Provided that the lane is well defined, the LKAS automatically steers to help keep the Odyssey between the lines. Our early experiences say it will so with varying success; straight-line cruising is little problem (you still need to supply a minute number of steering input once in awhile to allow it know you're there), but we haven't worked up the trust to let the machine handle anything significantly more than gentle sweepers, as it often seems to reduce the plot until the van is just planning to cross the outer line before applying steering to regain the appropriate path. It's possible more exposure may find us warming to LKAS's nuances, but so far it appears more suited for Nebraska than, say, the hills of West Virginia.

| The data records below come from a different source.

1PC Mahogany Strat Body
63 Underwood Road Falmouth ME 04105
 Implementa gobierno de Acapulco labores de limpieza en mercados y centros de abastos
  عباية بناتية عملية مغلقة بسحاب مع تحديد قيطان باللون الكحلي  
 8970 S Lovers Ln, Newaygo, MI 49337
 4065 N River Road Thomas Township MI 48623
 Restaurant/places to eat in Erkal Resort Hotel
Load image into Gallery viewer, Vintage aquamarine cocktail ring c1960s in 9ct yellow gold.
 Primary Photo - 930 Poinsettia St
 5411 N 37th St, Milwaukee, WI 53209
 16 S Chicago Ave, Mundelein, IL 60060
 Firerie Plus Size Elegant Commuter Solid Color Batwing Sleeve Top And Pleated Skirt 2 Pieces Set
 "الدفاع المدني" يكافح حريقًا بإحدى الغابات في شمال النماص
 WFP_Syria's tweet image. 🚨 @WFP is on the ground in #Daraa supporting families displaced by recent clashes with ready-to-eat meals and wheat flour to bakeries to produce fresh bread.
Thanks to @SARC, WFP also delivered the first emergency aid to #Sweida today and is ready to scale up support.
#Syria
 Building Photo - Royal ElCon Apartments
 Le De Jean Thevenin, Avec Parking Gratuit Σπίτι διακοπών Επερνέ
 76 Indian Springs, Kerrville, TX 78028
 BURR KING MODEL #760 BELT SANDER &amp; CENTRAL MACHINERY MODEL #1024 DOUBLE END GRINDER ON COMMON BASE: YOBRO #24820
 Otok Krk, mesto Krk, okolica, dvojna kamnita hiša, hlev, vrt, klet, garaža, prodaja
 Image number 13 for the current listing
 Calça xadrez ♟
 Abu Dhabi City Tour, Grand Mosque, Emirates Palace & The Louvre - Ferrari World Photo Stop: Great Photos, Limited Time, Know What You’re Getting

2018 Honda Odyssey Feature and Specs Review

While our Honda hasn't yet caused it to be to those destinations, we have ventured to Kentucky and to Ohio—dealing with Kentucky from here usually involves Ohio, but we were holding separate journeys. There's the required time remaining inside our 40,000-mile test for this to wander much farther afield, along with to reveal major foibles. But we're enjoying our time with the Odyssey, and neither it nor the Pacifica gets much time for you to cool off between trips. As it happens that minivans are more our style than goofy headgear.